Gennadi Aygi (1934-2006)


The sad news in this morning that the great Chuvash poet Gennadi Aygi died in Moscow yesterday. There are two worthwhile on-line obits in the German-language newspapers this morning: the Frankfurter Rundschau and the Neue Zuricher Zeitung. The NZZ calls him the “happy hermeticist,” a rather lovely description of Aygi. Last month I wrote about Aygi on this blog, reprinting some texts I ahd translated for the “99 poets” issue of Boundary2, and appealing for donations, given the great & pressing need for money to cover medical costs. (Aygi once joked that he had made 2000 rubles for 25 years of work. Clearly that situation didn’t improve much under the post-Soviet system). I do hope that he was able to spend his last days in a minimum of physical and medical comfort. Grandson of a practicing shaman, I am sure that he knew how to climb that world-tree & move into the next realm. Travel well, Gennady!

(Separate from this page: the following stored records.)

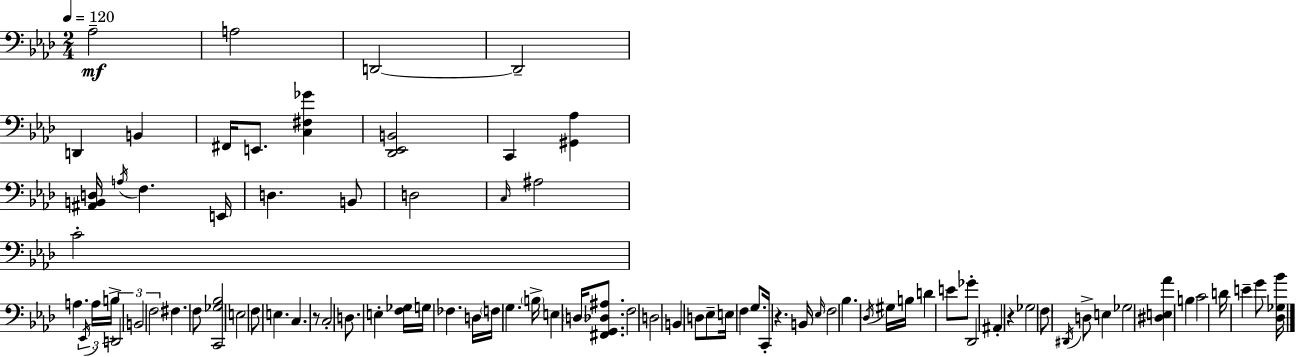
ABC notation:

X:1
T:Untitled
M:2/4
L:1/4
K:Fm
_A,2 A,2 D,,2 D,,2 D,, B,, ^F,,/4 E,,/2 [C,^F,_G] [_D,,_E,,B,,]2 C,, [^G,,_A,] [^A,,B,,D,]/4 A,/4 F, E,,/4 D, B,,/2 D,2 C,/4 ^A,2 C2 A, _E,,/4 A,/4 B,/4 D,,2 B,,2 F,2 ^F, F,/2 [C,,_G,_B,]2 E,2 F,/2 E, C, z/2 C,2 D,/2 E, [F,_G,]/4 G,/4 _F, D,/4 F,/4 G, B,/4 E, D,/4 [^F,,G,,_D,^A,]/2 F,2 D,2 B,, D,/2 _E,/2 E,/4 F, G,/2 C,,/4 z B,,/4 _E,/4 F,2 _B, _D,/4 ^G,/4 B,/4 D E/2 _G/2 _D,,2 ^A,, z _G,2 F,/2 ^D,,/4 D,/2 E, _G,2 [^D,E,_A] B, C2 D/4 E G/2 [_D,_G,_B]/4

On the web more details & some poems can be found at Word without Borders and on the duration press website. Below one of these (from the duration site) in Peter France’s translation:

Again — Whisperings-and-Rustlings

1

and the cuckoo’s voice a dim coal
patiently hollowing a pit in the forest
its dampness reaching the heart
and the heart slumbers and does not wake me

2

and later (slumbering by day)
in children’s play is less and less light
and their noise is the stuff of death
(and ever more sadly disappearing
in calamity – as in rubbish – I feel comfort)

3

and this is that time of Self-Dying

4

and sleep snowstorm like a white cload
armour of non-active youth
(and not “struggle” my friend but living –
lingeringly – unto-death in the stillness)

5

And its true name rustles – Lifedeath.